Evan Dobelle submitted claims for thousands of dollars in questionable or unsubstantiated business expenses, including $4,109 so that his wife could attend a Massachusetts conference that doubled as a reunion for her alma mater, according to an audit released yesterday.

The audit, which was said to be a key factor in the University of Hawaii Board of Regents' June 15 decision to fire Dobelle from his $442,000-a-year post as UH president, points out problems in the management of his $200,000-a-year UH Foundation protocol fund and the inadequate documentation he provided for payment reimbursements. The protocol fund is available for spending that the president feels will advance the university.

Dobelle has said the bookkeeping for the protocol fund was "messy" but that he and his staff had worked to reconcile any problems. His lawyer reiterated that view yesterday.

"While Dr. Dobelle was the president, there were three different ways of keeping track of the moneys, and there was some confusion," said attorney Rick Fried. "Maybe, accounting-wise, it wasn't as pristine as it should have been, but it's all been worked out and everybody's back to even."

The Deloitte & Touche audit found that $71,664 in claims were submitted to the foundation without supporting documentation, $38,174 in air fare upgrades were claimed for individuals other than the president, and payments of $26,000 were made by the foundation to reimburse Dobelle for expenses that were originally considered business but later reclassified as personal. Dobelle has since reimbursed the foundation for those expenses.

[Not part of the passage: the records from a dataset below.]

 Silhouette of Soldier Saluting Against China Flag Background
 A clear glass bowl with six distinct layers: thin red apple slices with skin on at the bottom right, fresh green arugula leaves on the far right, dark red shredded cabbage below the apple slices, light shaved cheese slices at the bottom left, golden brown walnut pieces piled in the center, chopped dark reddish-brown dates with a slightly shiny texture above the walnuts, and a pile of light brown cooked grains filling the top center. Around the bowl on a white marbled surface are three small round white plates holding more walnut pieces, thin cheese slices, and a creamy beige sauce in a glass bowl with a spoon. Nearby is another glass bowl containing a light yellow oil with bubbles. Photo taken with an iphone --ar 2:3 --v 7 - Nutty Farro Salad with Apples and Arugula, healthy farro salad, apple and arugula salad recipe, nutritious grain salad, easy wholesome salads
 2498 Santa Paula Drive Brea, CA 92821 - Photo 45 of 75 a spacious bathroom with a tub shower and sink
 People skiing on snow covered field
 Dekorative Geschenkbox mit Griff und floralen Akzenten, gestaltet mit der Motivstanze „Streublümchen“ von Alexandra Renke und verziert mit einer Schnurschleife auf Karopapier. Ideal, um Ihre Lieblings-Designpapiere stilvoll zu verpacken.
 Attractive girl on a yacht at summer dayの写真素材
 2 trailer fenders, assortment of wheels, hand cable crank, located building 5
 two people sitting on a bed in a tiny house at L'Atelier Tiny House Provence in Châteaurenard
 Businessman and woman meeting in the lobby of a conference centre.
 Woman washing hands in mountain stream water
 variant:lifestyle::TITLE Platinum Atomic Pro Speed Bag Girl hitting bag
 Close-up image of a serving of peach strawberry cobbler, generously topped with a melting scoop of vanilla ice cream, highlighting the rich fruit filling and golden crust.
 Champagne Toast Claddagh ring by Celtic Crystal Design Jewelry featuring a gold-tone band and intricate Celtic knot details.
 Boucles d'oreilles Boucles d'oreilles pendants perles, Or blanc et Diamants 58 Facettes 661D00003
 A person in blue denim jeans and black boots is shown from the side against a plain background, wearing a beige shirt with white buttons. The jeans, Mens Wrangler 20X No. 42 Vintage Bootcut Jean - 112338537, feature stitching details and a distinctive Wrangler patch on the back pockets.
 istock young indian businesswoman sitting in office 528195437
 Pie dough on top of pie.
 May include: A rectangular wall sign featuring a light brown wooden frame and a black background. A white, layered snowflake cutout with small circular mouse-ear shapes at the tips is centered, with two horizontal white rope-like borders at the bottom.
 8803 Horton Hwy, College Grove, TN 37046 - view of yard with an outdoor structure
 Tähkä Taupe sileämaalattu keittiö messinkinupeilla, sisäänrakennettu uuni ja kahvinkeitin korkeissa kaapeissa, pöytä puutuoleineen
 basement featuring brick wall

Despite the audit's findings, Fried said there were no "smoking guns" in the report to explain why the regents fired Dobelle "for cause."

"Everything has been gone through extensively in the mediation, and I think after cooler heads prevailed, that's why we came up with the document that we arrived at because they realized that there were good explanations for all the items," Fried said.

The two sides agreed to a settlement last month in which the regents rescinded the firing and Dobelle will receive $1.05 million and be allowed to resign Aug. 14. Regents originally fired Dobelle "for cause," making him ineligible to receive a $2.26 million severance package.

UH Associate General Counsel Presley Pang declined to shed any light on how the regents arrived at their initial "for cause" decision.

"I'm releasing the documents and you can draw your conclusions," he said yesterday.

One of the questionable business expense claims highlighted in the audit was for $4,109 so Dobelle's wife, Kit, could attend a three-day conference at the University of Massachusetts-Amherst in October 2001 that also doubled as an alumni reunion. The couple met at the university.

The event was entitled "A Marathon Conference: Today's Leaders Shaping Tomorrow's Future." One purpose of the event was to reunite alumni and honor those most affected by Dwight Allen, former dean of the School of Education.

For her trip to Massachusetts, Kit Dobelle was classified as a representative of the president. But the appointment agreement between Dobelle and the regents did not allow reimbursement for a spouse traveling alone on university business, according to the audit. Had Dobelle attended with his wife, any expenses incurred by his wife would have been the responsibility of the university, the audit states.

The audit suggests ways to improve the bookkeeping and management for the fund.